*What you will do:*
Scan the records below for the line with "Butterflies soar bokeh" and the line with "Gyomei Himejima Demon", and retype that range exactly, both ends included, pictures excepted.

*Material supplied:*
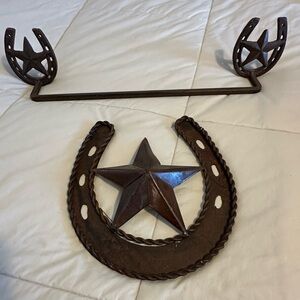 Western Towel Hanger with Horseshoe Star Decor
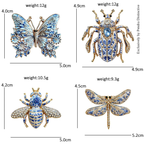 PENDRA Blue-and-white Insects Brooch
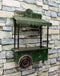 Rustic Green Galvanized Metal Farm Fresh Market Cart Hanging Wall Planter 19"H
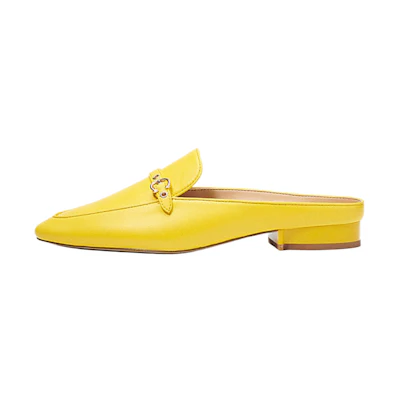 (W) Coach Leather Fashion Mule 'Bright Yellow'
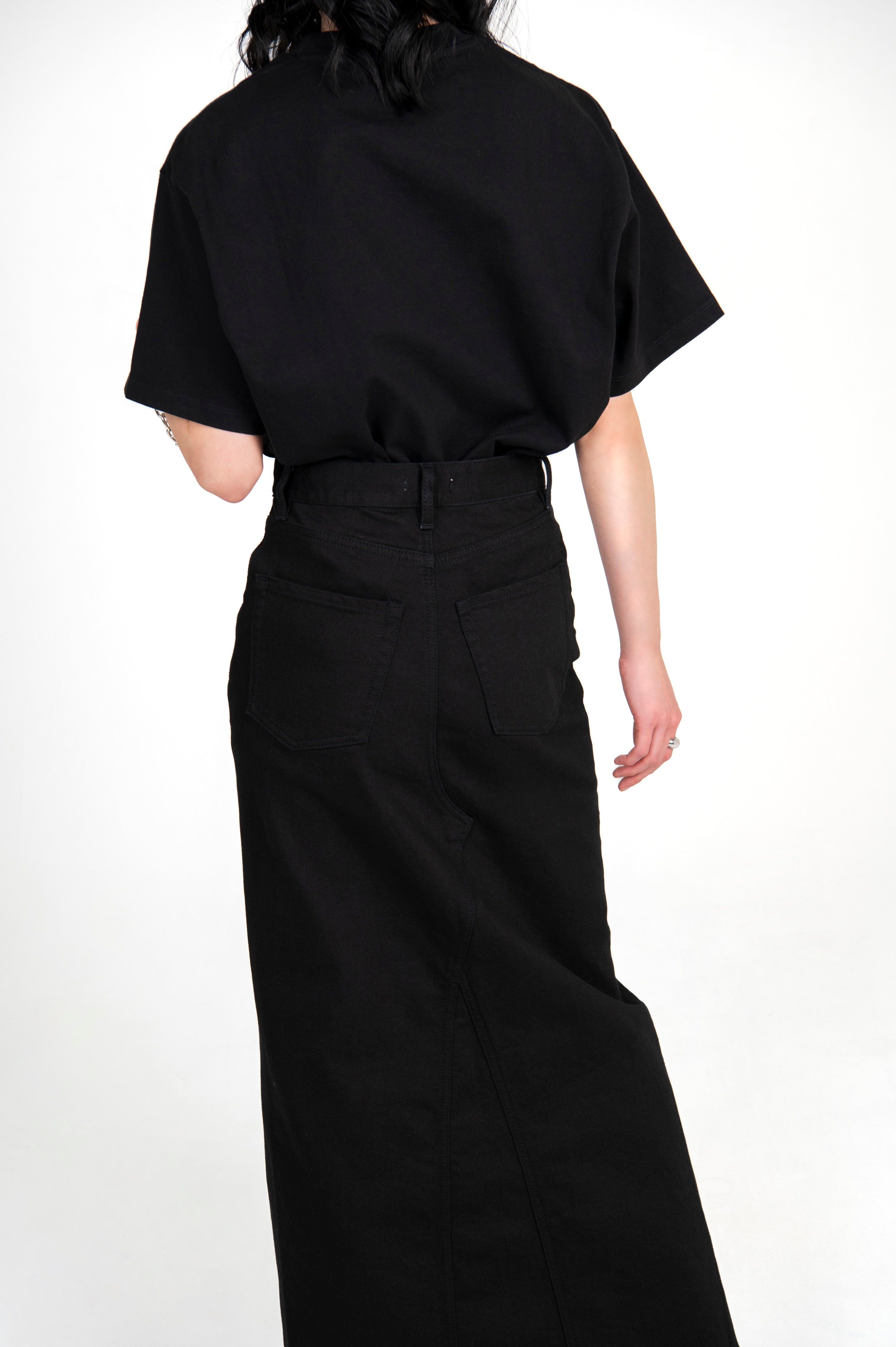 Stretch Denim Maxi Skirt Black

* * *

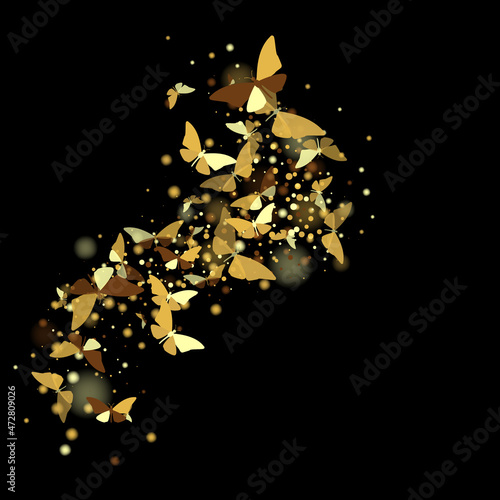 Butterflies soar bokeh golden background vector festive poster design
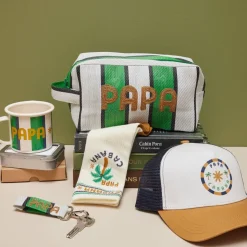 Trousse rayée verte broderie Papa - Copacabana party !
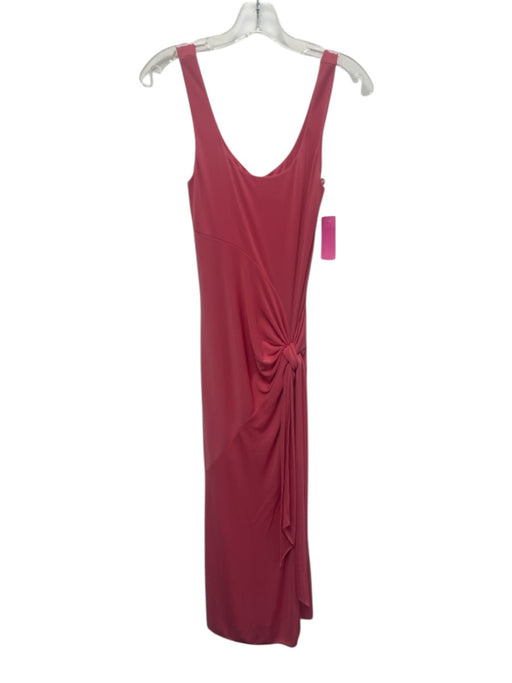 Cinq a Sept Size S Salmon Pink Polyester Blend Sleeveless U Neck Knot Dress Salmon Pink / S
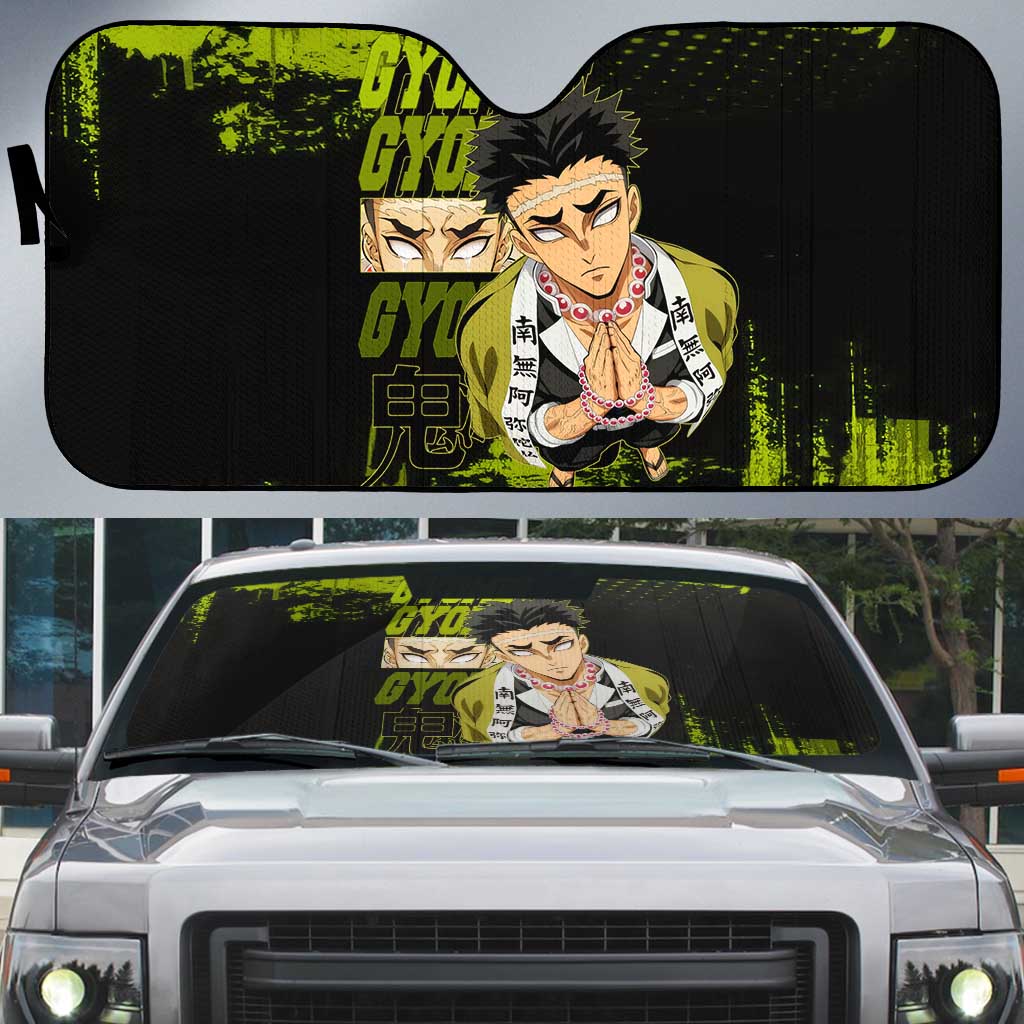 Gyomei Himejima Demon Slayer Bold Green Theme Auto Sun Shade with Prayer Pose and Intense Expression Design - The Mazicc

*Answer:*
 Butterflies soar bokeh golden background vector festive poster design
 Trousse rayée verte broderie Papa - Copacabana party !
 Cinq a Sept Size S Salmon Pink Polyester Blend Sleeveless U Neck Knot Dress Salmon Pink / S
 Gyomei Himejima Demon Slayer Bold Green Theme Auto Sun Shade with Prayer Pose and Intense Expression Design - The Mazicc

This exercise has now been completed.